● **Records supplied**
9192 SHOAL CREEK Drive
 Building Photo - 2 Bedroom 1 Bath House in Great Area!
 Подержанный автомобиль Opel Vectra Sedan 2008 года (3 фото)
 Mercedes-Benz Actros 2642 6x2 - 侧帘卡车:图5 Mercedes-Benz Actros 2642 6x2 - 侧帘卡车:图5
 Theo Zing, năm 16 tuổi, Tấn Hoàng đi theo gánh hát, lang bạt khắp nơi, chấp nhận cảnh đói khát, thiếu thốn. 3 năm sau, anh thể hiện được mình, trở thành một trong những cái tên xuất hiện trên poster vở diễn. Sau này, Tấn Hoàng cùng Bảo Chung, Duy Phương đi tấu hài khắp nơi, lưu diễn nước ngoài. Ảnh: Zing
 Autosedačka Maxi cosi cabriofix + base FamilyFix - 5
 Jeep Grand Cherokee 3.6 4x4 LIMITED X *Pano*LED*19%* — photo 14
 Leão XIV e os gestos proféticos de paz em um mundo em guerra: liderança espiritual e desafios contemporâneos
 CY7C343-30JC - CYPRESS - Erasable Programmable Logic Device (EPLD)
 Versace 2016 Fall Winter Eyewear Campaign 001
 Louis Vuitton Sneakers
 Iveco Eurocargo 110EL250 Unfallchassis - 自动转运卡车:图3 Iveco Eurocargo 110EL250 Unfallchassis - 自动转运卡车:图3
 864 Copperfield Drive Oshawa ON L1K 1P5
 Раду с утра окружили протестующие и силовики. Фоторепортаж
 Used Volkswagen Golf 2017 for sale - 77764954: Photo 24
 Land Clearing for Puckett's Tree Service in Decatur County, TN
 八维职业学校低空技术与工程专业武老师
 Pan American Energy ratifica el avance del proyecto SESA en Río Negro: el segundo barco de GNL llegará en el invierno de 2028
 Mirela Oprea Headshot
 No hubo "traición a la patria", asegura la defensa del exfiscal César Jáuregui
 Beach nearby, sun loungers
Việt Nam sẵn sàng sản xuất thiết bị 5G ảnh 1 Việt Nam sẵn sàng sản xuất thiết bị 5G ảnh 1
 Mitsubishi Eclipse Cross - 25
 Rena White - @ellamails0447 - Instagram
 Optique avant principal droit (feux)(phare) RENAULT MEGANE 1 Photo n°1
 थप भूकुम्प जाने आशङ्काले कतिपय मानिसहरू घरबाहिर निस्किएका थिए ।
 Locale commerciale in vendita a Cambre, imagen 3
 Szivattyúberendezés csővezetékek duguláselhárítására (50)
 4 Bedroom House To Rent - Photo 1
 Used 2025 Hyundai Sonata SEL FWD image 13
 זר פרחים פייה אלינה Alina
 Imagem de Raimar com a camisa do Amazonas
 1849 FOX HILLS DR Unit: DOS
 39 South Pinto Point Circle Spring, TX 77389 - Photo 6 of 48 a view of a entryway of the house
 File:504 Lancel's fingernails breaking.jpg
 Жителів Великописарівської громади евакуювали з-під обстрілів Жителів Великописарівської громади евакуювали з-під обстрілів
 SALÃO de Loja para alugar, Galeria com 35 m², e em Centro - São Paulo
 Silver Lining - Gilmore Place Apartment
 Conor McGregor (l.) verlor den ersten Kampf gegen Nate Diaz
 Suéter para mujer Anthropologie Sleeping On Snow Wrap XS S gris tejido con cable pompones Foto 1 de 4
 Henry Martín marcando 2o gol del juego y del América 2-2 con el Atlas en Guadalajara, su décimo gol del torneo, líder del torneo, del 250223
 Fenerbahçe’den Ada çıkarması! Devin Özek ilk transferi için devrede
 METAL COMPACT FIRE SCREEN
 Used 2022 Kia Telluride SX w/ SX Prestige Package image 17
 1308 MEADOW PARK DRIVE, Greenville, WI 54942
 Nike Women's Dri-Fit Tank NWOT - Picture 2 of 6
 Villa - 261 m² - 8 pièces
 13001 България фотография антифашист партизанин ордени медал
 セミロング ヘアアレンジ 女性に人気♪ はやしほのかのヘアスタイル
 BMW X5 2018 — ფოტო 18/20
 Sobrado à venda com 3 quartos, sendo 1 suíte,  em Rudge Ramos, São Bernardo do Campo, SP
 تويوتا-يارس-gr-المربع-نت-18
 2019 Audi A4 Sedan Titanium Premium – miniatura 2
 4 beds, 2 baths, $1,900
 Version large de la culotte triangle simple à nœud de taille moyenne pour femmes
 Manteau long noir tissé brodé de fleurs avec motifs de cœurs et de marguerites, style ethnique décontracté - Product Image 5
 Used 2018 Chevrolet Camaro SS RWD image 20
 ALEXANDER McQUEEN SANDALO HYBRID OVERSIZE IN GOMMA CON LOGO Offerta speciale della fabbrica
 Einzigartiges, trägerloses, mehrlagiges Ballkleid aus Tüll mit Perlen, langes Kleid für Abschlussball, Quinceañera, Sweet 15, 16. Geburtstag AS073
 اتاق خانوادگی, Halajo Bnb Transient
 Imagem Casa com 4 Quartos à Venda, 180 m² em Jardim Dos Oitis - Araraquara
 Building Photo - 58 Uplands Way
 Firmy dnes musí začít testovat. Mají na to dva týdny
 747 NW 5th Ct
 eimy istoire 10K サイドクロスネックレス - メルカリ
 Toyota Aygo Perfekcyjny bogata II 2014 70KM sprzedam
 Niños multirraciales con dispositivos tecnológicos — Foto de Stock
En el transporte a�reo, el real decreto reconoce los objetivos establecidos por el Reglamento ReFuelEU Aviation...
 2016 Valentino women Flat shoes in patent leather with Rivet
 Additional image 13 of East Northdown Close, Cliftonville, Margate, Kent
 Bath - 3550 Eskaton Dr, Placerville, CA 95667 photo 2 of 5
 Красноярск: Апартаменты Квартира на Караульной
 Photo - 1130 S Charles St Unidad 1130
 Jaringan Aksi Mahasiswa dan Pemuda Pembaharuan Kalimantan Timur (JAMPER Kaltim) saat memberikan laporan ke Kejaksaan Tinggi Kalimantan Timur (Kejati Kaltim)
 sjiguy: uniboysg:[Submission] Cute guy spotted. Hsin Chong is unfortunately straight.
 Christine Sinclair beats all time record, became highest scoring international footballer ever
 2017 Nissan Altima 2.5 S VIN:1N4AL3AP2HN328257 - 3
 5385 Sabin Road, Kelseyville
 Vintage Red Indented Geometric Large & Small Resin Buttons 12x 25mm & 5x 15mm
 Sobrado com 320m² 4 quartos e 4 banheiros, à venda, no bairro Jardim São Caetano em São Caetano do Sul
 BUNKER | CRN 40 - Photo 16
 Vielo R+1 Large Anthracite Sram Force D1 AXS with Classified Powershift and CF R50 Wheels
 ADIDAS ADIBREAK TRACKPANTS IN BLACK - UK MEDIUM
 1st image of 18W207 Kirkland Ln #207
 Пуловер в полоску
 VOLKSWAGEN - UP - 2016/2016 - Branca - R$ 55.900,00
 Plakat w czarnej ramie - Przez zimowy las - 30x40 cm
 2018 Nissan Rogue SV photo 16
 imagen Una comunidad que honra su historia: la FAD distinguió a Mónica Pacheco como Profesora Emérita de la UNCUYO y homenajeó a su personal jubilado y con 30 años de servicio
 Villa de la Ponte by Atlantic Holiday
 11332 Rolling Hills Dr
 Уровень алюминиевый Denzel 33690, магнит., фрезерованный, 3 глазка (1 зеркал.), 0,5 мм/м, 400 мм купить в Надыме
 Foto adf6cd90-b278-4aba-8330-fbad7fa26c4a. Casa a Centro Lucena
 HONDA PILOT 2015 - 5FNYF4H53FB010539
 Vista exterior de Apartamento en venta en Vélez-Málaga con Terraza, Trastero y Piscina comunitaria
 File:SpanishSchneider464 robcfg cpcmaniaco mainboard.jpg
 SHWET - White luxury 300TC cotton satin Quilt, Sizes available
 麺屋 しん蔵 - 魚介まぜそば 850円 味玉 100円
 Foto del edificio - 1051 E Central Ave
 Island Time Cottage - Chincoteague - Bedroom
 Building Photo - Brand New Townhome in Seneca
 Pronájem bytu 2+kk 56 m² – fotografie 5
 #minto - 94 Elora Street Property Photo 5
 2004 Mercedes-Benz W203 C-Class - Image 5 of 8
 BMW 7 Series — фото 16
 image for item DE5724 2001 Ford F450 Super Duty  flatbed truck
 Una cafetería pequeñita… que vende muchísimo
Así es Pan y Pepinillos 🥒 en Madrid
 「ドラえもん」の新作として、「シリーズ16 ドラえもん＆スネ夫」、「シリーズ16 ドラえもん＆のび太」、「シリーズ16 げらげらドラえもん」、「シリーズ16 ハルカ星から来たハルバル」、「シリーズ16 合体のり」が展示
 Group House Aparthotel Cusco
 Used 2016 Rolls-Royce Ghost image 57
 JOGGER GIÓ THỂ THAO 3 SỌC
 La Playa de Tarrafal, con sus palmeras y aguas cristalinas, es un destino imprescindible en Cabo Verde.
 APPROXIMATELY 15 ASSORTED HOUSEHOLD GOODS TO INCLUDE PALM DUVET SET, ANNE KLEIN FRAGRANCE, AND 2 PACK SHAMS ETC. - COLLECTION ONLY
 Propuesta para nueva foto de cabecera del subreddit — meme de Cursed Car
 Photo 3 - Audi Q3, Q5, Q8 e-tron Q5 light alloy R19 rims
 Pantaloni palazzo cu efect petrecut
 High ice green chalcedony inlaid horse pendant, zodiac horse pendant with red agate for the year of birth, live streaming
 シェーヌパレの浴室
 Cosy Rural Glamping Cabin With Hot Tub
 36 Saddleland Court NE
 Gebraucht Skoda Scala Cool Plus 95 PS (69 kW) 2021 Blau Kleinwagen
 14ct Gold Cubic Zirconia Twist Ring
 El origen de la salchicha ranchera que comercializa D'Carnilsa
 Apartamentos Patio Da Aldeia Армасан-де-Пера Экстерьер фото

● **Prompt**
Return the lines above precisely as they appear, beginning at the first line and ending at the line with "Mercedes-Benz Actros 2642 6x2 - 侧帘卡车:图5 Mercedes-Benz", and nothing after it.

● **Your solution**
9192 SHOAL CREEK Drive
 Building Photo - 2 Bedroom 1 Bath House in Great Area!
 Подержанный автомобиль Opel Vectra Sedan 2008 года (3 фото)
 Mercedes-Benz Actros 2642 6x2 - 侧帘卡车:图5 Mercedes-Benz Actros 2642 6x2 - 侧帘卡车:图5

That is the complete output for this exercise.